Come sappiamo i cani sono in grado di imparare l’associazione tra alcune nostre parole, la nostra emozione celata dietro di esse ed il loro comportamento. Ad una parola d’affetto pronunciata con gioia il cane risponderà scodinzolando, mentre ad un no! Secco il cane saprà di aver sbagliato e che noi siamo arrabbiati con lui.
Alcuni ricercatori si sono quindi domandati che cosa di preciso accadesse nel cervello dei nostri amici pelosi in quei momenti e al modo in cui essi elaborano questo tipo di informazioni. Nell’essere umano ad esempio il cervello elabora prima le informazioni relative al tono di voce e all’intonazione delle parole, alla ricerca dell’emozione celata dietro di esse, e, soltanto in un secondo momento, elabora quelle relative al mero significato della parola.
I risultati dello studio di Attila Andics, neuroscienziato dell’Università Eotvos Lorand di Budapest, in Ungheria, e coautore dello studio, pubblicato sulla rivista Scientific Reports, dimostrano che nel cervello del cane accade qualcosa di molto simile a ciò che avviene nel cervello umano. Anche i cani quindi seguono la stessa gerarchia nell’analizzare le parole, ovvero prima le emozioni e poi il significato.
Secondo i ricercatori questo potrebbe stare a significare che il linguaggio umano potrebbe essersi sviluppato a partire da meccanismi comuni a quelli dei cani, anche se il nostro ultimo antenato in comune è vissuto oltre 100 milioni di anni fa. Secondo Andics è comunque probabile che “il cervello di molti mammiferi risponda ai suoni vocali in modo simile”.
Per realizzare lo studio i ricercatori hanno analizzato il cervello di 12 cani di razze diverse con una macchina per la risonanza magnetica funzionale, o fMRI, mentre un addestratore di cani pronunciava parole a loro note, come “intelligente” e “ben fatto” assieme ad alcune parole neutre, come “se” e “ancora”.
Tutte le parole sono state pronunciate a volte con un tono entusiasta ed elogiativo e a volte con un tono neutro. Inizialmente, le regioni uditive del cervello dei cani mostravano un’attività maggiore non appena sentivano le parole. Successivamente, ascoltando parole diverse con la stessa intonazione, diminuiva progressivamente l’attività nelle regioni più antiche del cervello dei cani, sia che essi conoscessero o meno le parole pronunciate. Questo significa che l’emozione dietro il tono di voce viene elaborata nella parte più antica del cervello.

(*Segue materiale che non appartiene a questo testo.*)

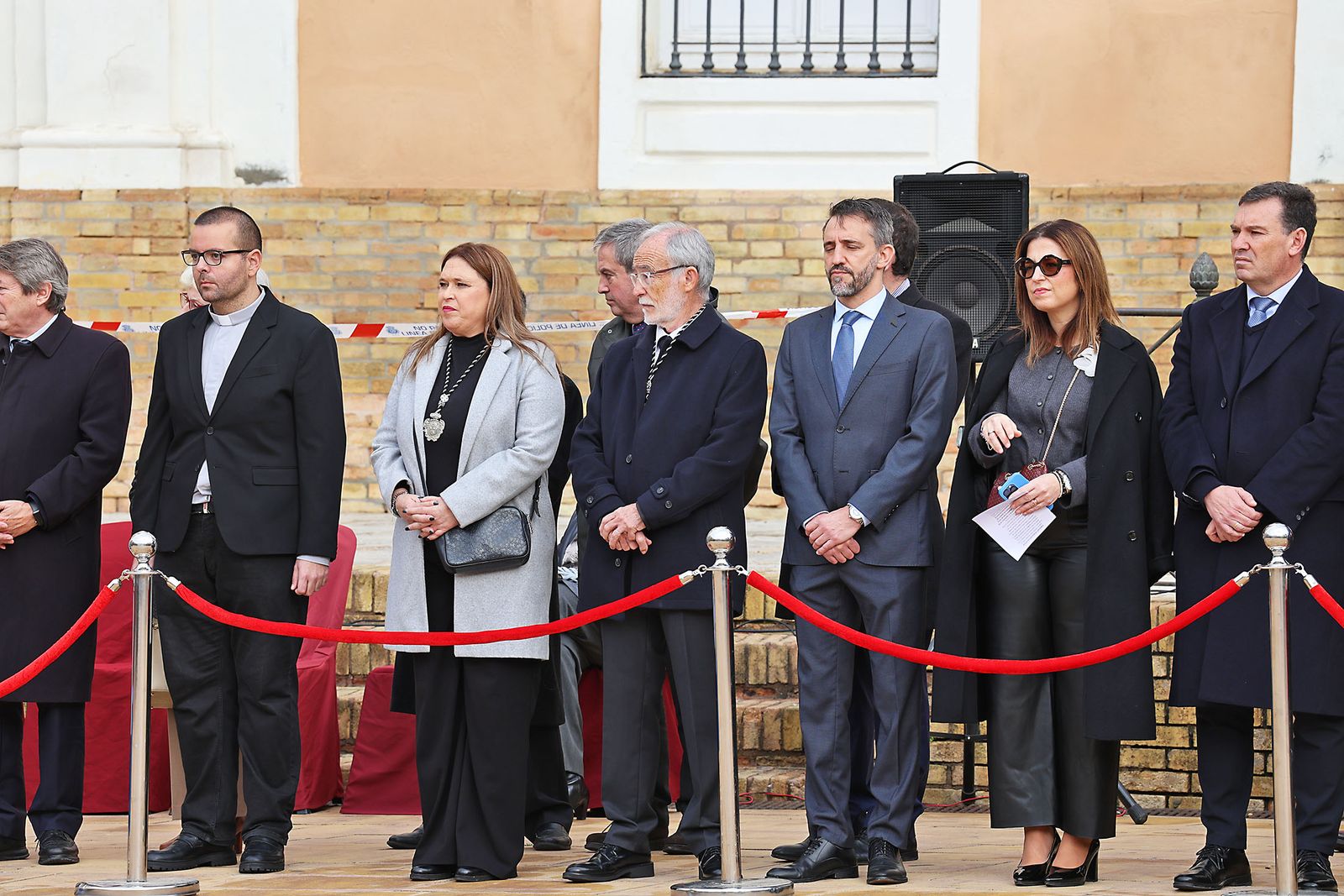 Las fotografías del acto conmemorativo del 202 Aniversario de la Policía Nacional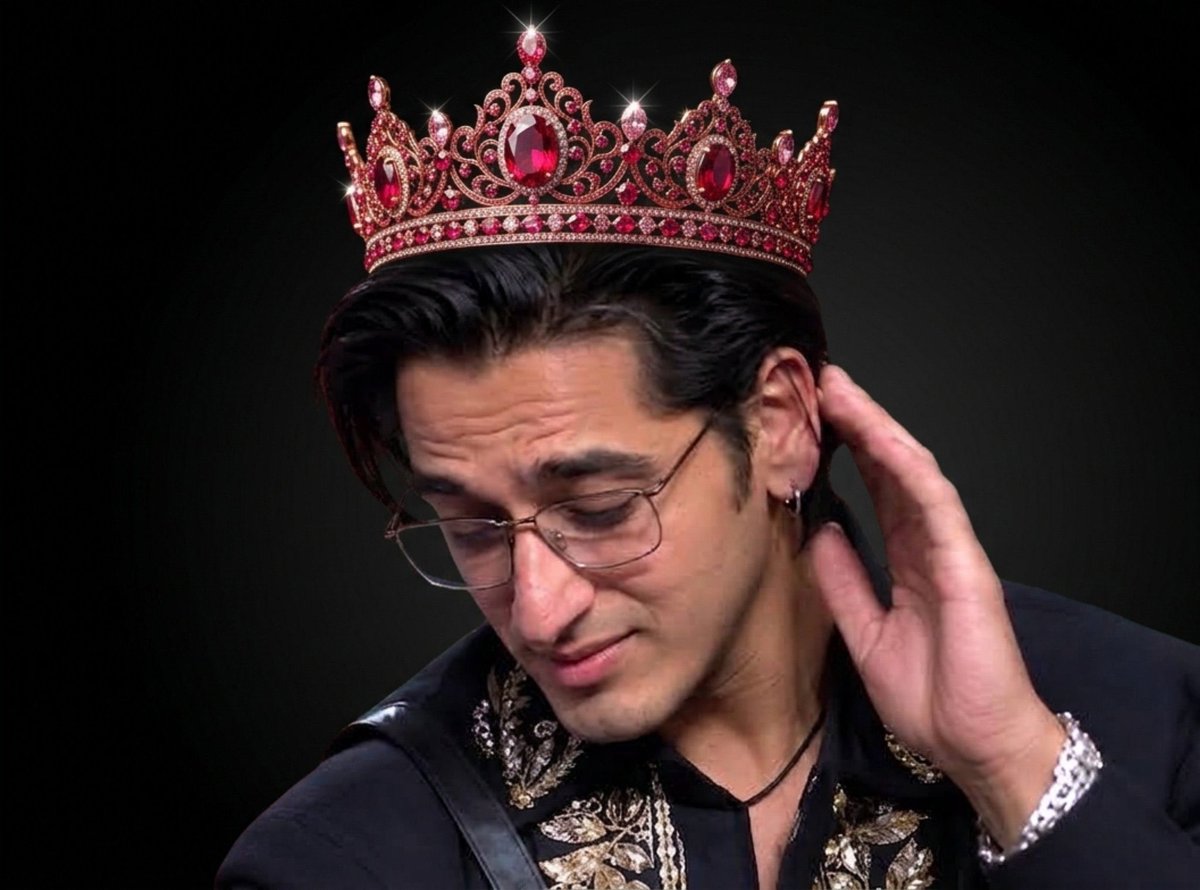 NeerajVibe_'s tweet photo. Only Qazi have the potential to win this show of Bigg Boss 20.

VOTE FOR QAZI ON JIOHOTSTAR

#QaziTouqeer #BiggBoss20 https://t.co/JL5vHRbKME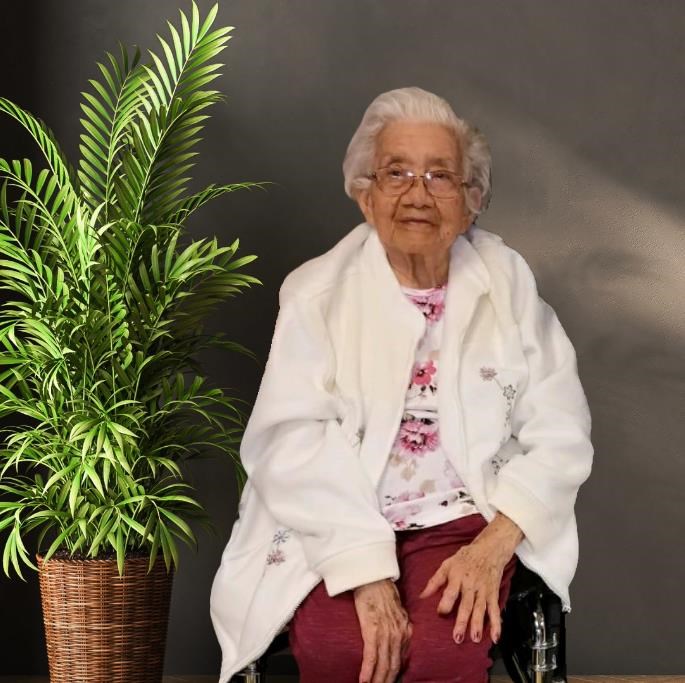 Obituary of Lesvia E. Mejia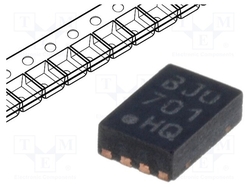 PIC10F220-I/MC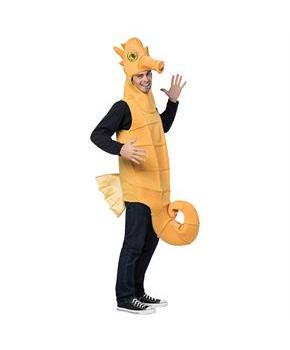 Seahorse Costume
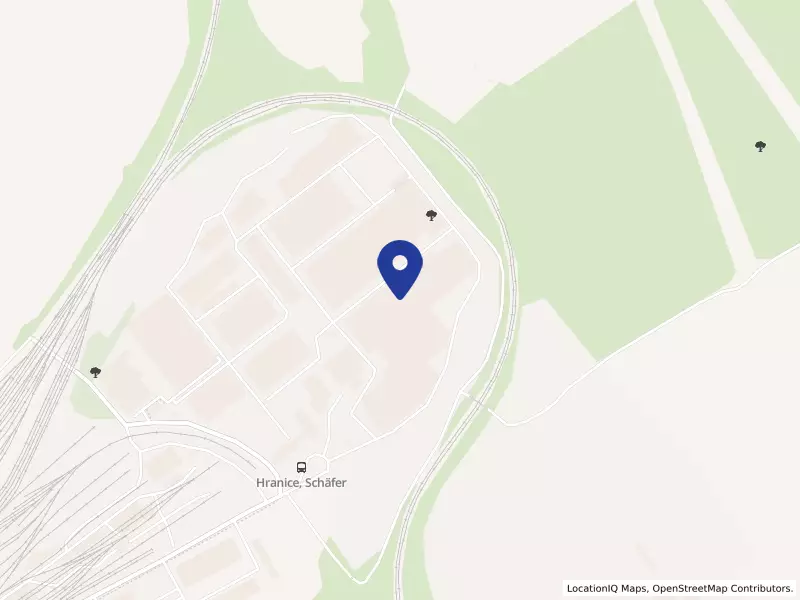 SSI Schäfer s.r.o., Tovární 325, 75301 Hranice - Hranice I-Město, IČO 61060755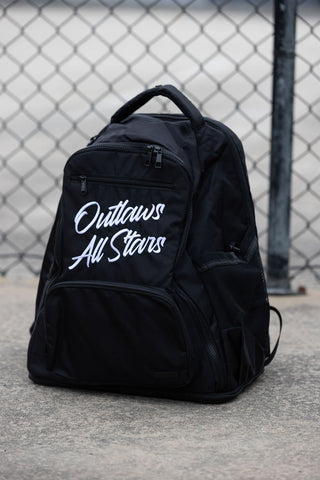 Outlaws All Stars Luxe Backpack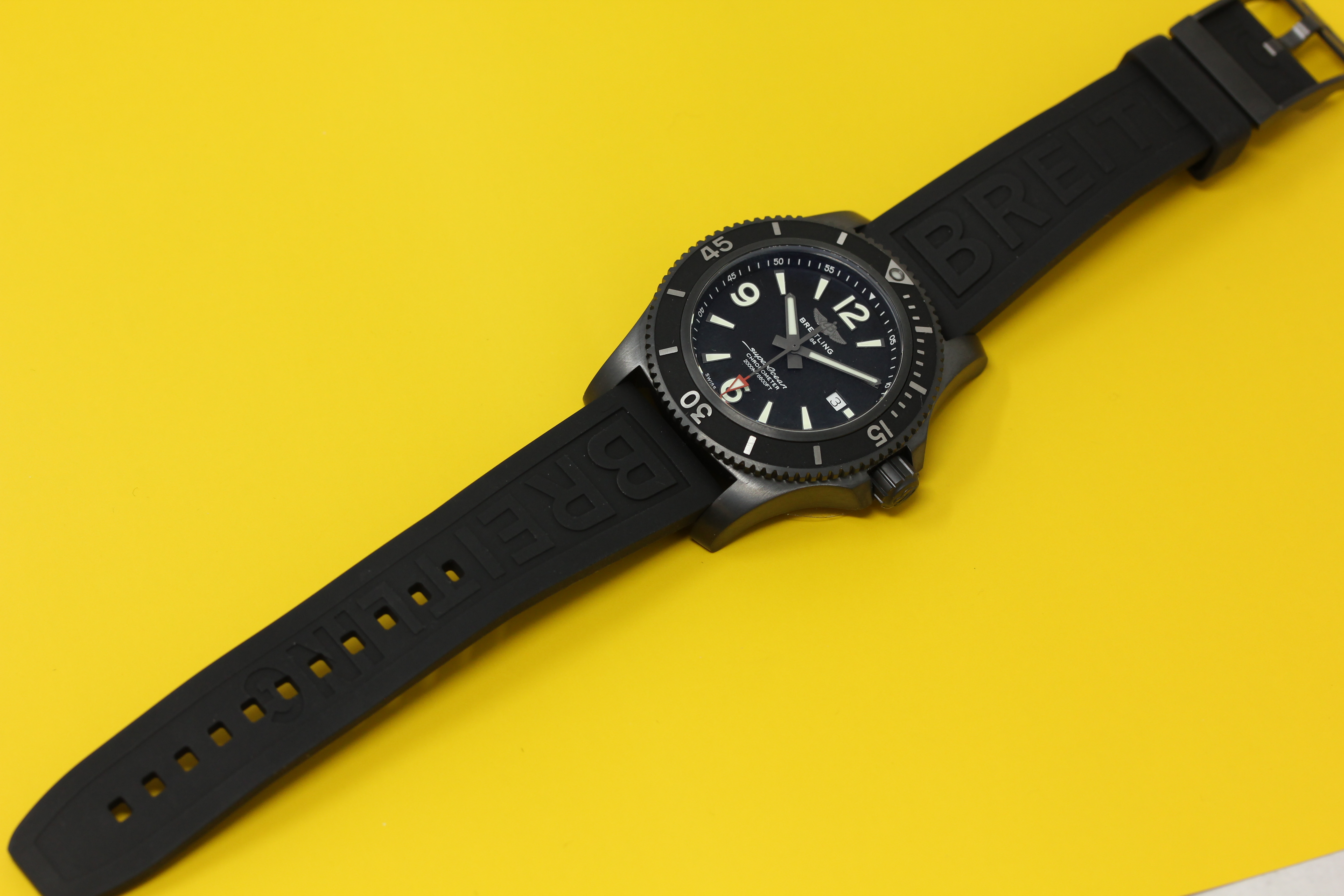 Breitling Superocean Automatic 46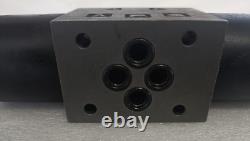 DAMCOS Hydraulic Directional valve 160L8051, Type SA G01 E3X C115 31ES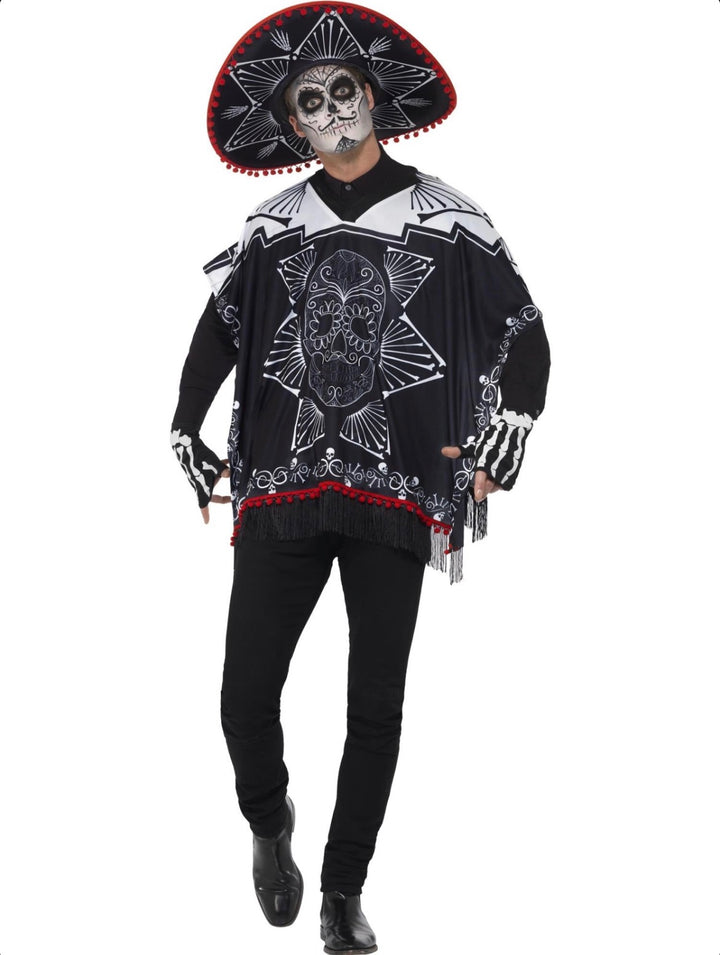 Day of the Dead Costume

Analogamente accadeva anche nella zona più recente del cervello dei cani, ma invece che con le emozioni, con il significato delle parole. Ovvero quando l’addestratore ripeteva parole a loro conosciute, l’attività nella zona “giovane” del cervello, diminuiva progressivamente.
Questa gerarchia nel processare i suoni molto simile alla nostra potrebbe, secondo Andics, “spiegare perché i cani riescono a collaborare con noi“.